Complexity: Large applications become harder to understand and work with. There are side effects of changes that might not be obvious due to easy-to-overlook dependencies leading to issues that can be difficult to untangle.
Less scalable: Scaling becomes a matter of adding new instances to run the entire codebase rather than adding instances to scale individual pieces of the app that might be used more than others. This can lead to some resources getting wasted while some others strain the server.
Service-Oriented Architecture (SOA) became popular towards the early and mid-2000s. The SOA views an application as a collection of services running in parallel and connected by application programming interfaces (APIs). Here. each service is self-contained representing a specific business activity with the desired outcome. This approach brought in the following advantages:
Easy maintenance: Distinct services can be updated without affecting other services.
Platform independence: Create applications by combining services that use different solutions.
Improved reliability: Easier to locate the problem and debug a small service without affecting the working of the entire application.
Scalability: Individual services can scale by adding server resources as demand increases.
Microservice Architecture (MSA) is a variant of SOA. In fact, some consider the MSA and SOA to be one and the same. Nevertheless, microservices are hogging all the attention at present.
When people talk about MSA they’re generally referring to software design that includes the following characteristics:
- Services are inter-dependent
- Services often containerized using a container tool such as Docker or in a virtual machine (VM)
- Asynchronous communication is handled via messaging or job queues and synchronous communication is handled via HTTP with JSON messages.
- Instance management automation
- Auto-scaling components
MSA views services purely as functional, unlike SOA which views them as distinct (as explained below).
Define core business operations represented through XML, Business Process Execution Language, and others.
Implement the functionality defined by business services relying on application services and infrastructure services to fulfill business requests.
Confined to a specific application context, having a dedicated user interface to directly invoke the services.
Implement non-functional tasks such as authentication, auditing, security, and logging, invoked from either application services or enterprise services.
- Specific support for business operation.
- Services assessment is done externally and these services are not shared with other services.
Infrastructure Services implement tasks such as auditing, security, and logging as in the case of SOA, though they are not unveiled to the outside world.
Simplicity: Microservice architectures are usually simpler so they are easier to build and maintain.
Cross-functional teams: Technical decisions can be made faster and by smaller groups.
Flexibility in technology: Like the SOA approach, microservices allow a blend of solutions to work together.
Flexibility in scalability: Microservices can scale independently so additional resources can be added exactly where they’re necessary
Code Reusability: Same code can be used for similar business requirements
Complexity: Having more and more of the code split out into individual services.

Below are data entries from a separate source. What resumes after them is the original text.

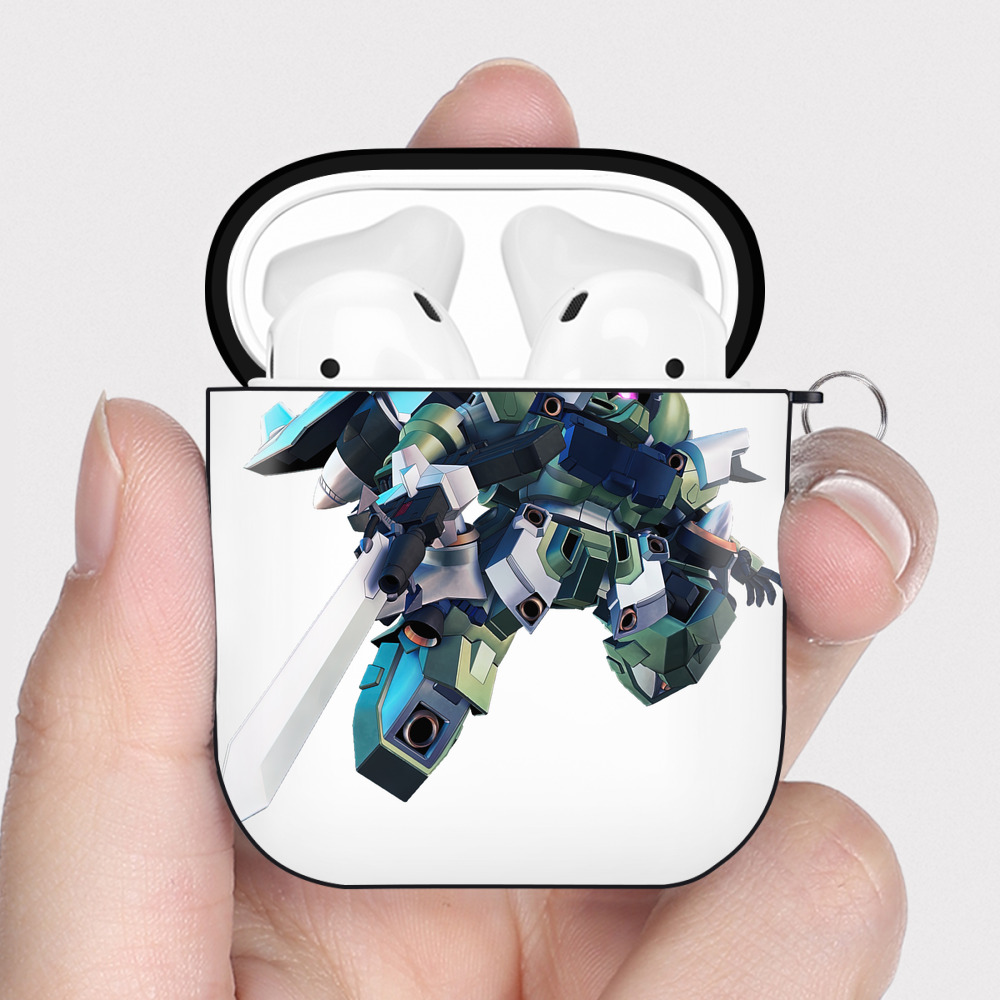 （画像用） 機動戦士ガンダム Mobile Suit Gundam AirPods 第2世代保護ケース ハードシェル ブラック 耐衝撃・防指紋・カラビナ付き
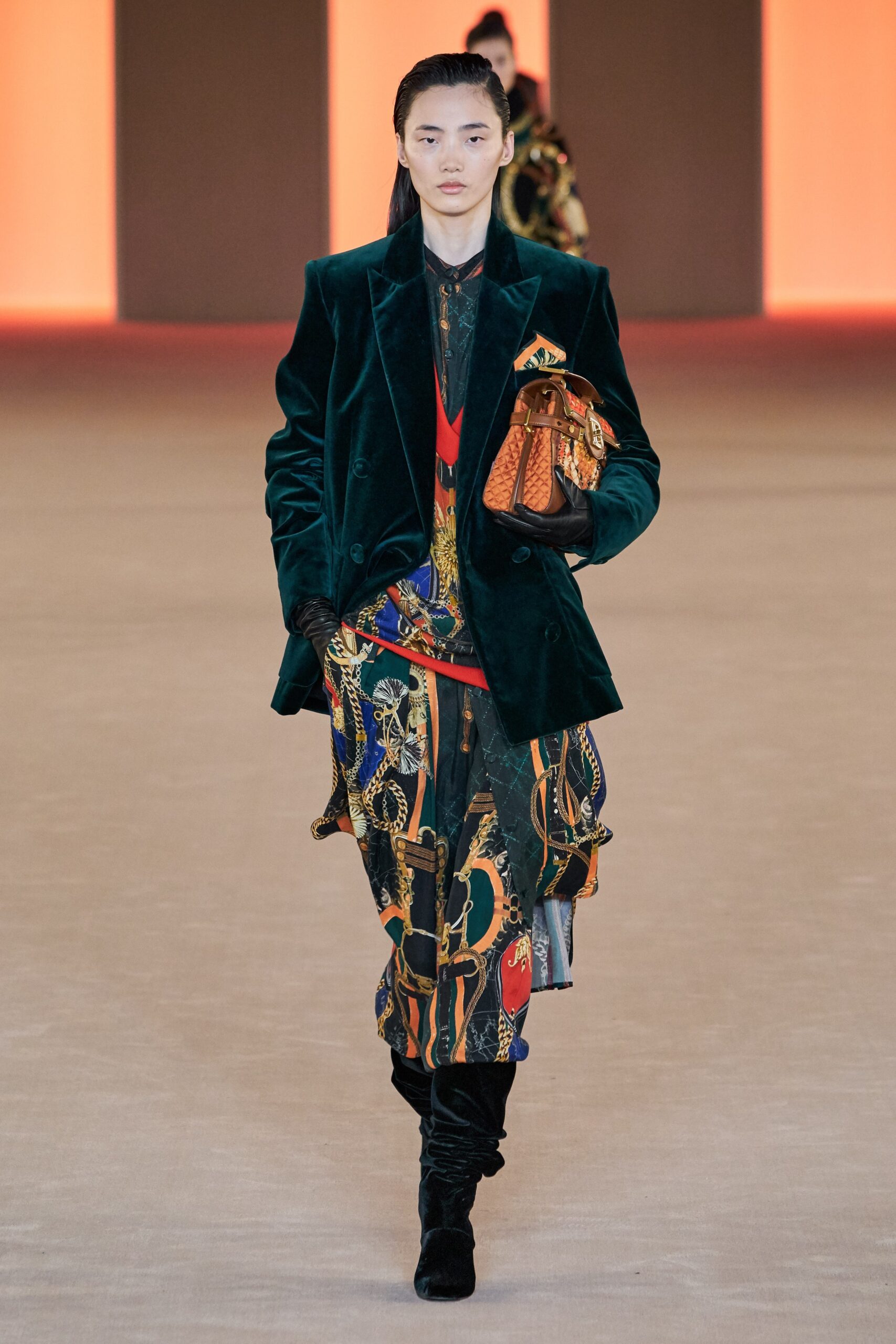 green velvet tailored blazer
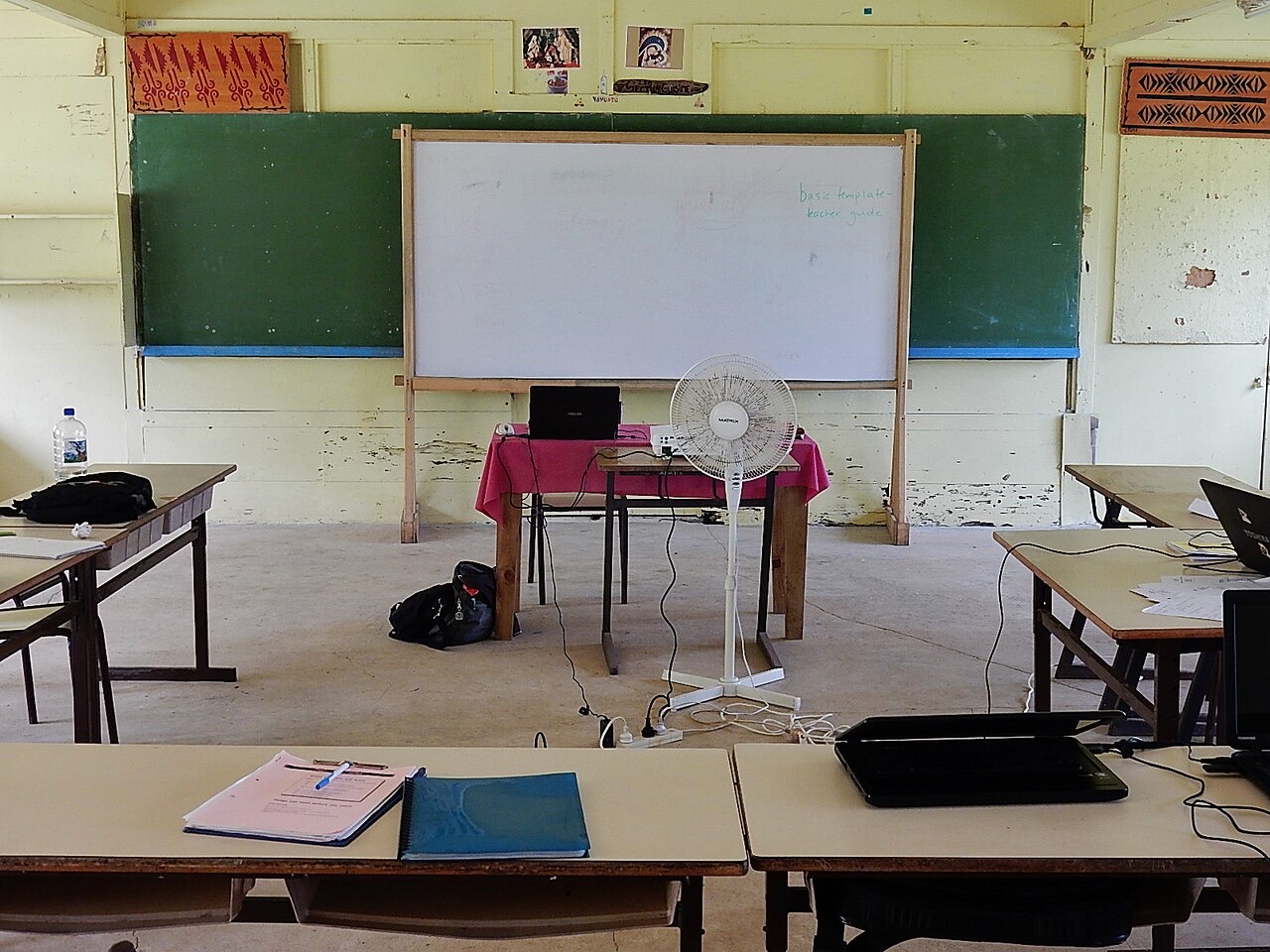 Classroom boards at a school on Espiritu Santo, Vanuatu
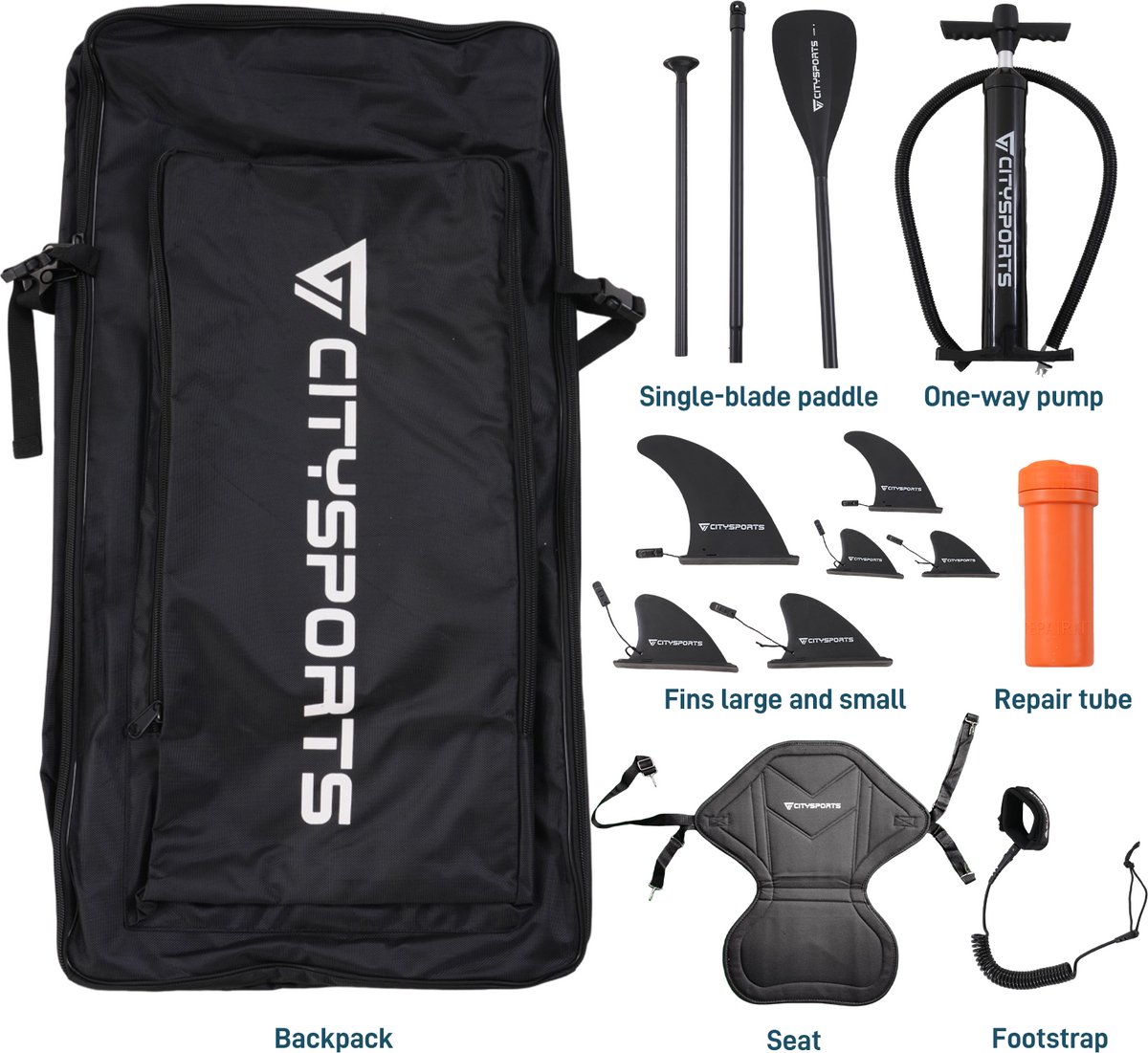 CITYSPORTS SUP Board - Paddle Board - Opblaasbaar Paddle Board - Verstelbare Peddel - Complete Set - 320 cm - Max. 160 kg – foto 8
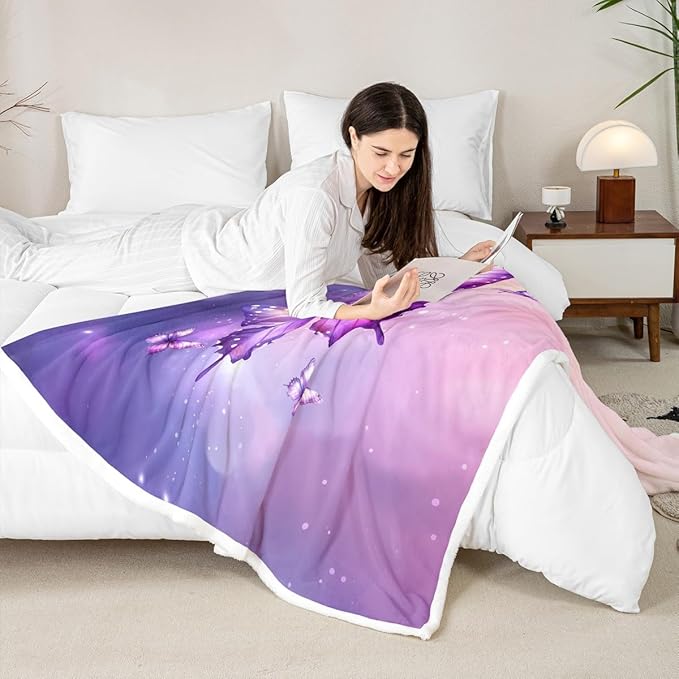Feelyou Girls Purple Fleece Throw Blanket Throw 50"x60" Kids Watercolor Butterfly Sherpa Blanket Plush Fuzzy for Bed Couch Chair Living Room, Cute Dreamy Bed Blanket Room Decor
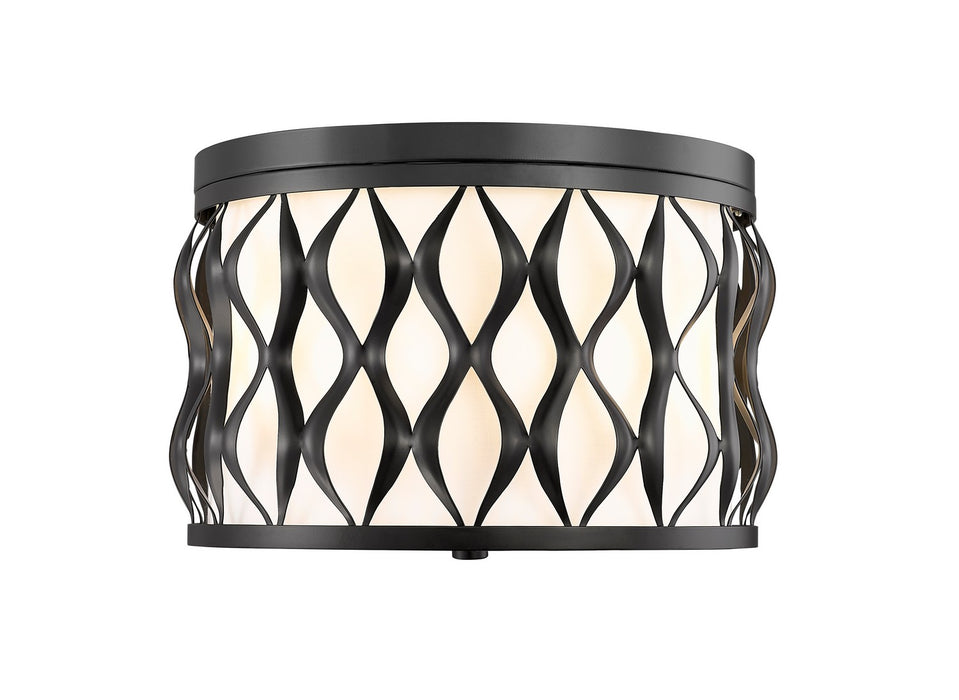 Z-Lite 1948F12-MB Three Light Flush mount, Matte Black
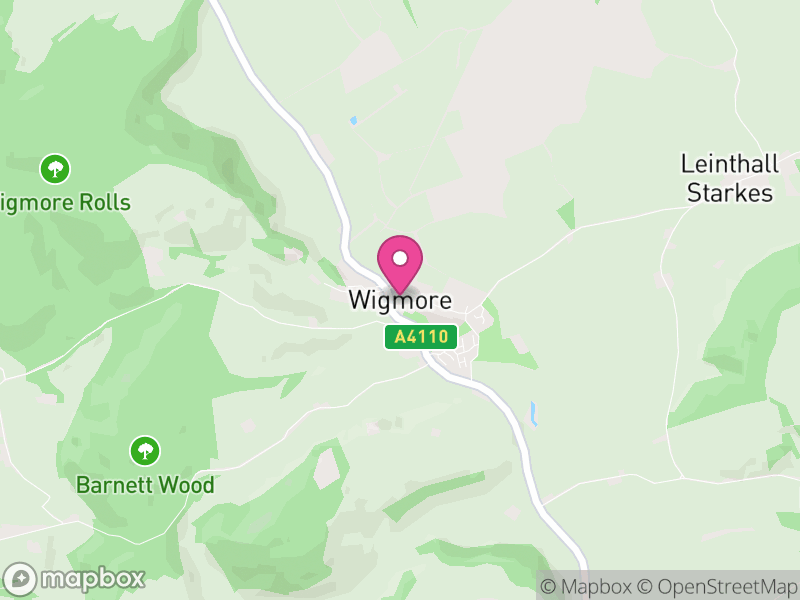Map of Wigmore, Herefordshire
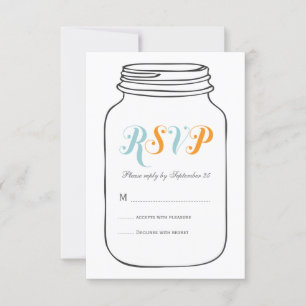 Aqua e Orange Vintage Mason Jar Wedding RSVP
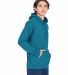 US Blanks US4412 Men's 100% Cotton Hooded Pullover in Capri blue side view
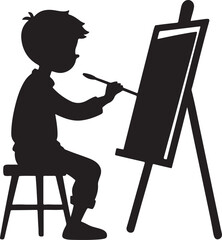 a child boy artist paints on a canvas silhouette, black and white silhouette, vector and illustration © 69creativedesigner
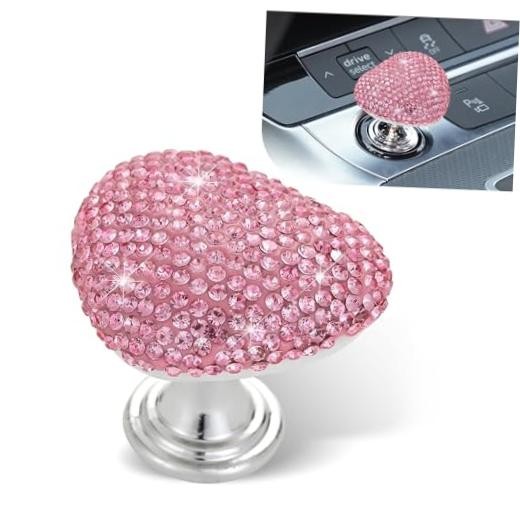 Car Start Button, Bling Heart-Shaped Ceramic Decorative Ignition 1 PC Pink #02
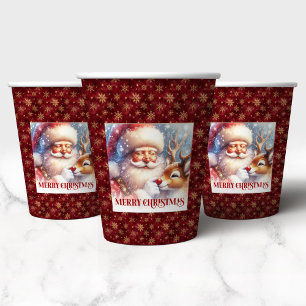 Modern Santa Rudolph Christmas Party Paper Cup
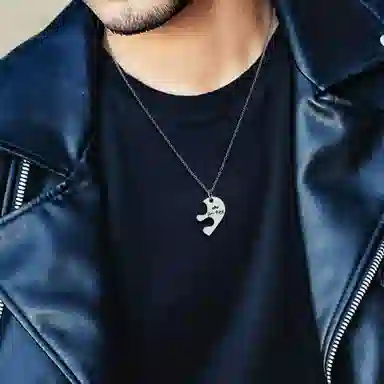 恋朵 潮流心形拼图 钛钢 项链 男女同款情侣款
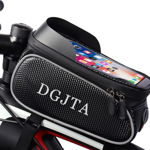 Geanta/suport telefon pentru bicicleta Dgjta, piele PU, negru, 22,8 x 13,9 x 10,9 cm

Five or six services aren’t difficult to manage, but twenty or more can be!
Cultural and Procedural Changes: Adopting microservices will also require the adoption of an agile coding approach and often require the formation of a DevOps team.
Costly: Network calls made by APIs aren’t free. In addition, when the migration of architecture is involved, the labor costs of breaking up a monolith can create an otherwise unnecessary expense.
Security Issues: Each inter-network communication path creates a new security risk that needs to be addressed and monitored.
While microservices offer distinct advantages over monoliths, building software from scratch as a monolith and then moving toward a microservice approach makes more sense. If development time is not an issue, taking a microservices approach from the beginning avoids the effort and expense of later refactoring. You could weigh the pros and cons of absorbing the time costs of starting with microservices versus delaying those costs and beginning with a monolith. Finally, it all comes down to the priorities of the company and its project.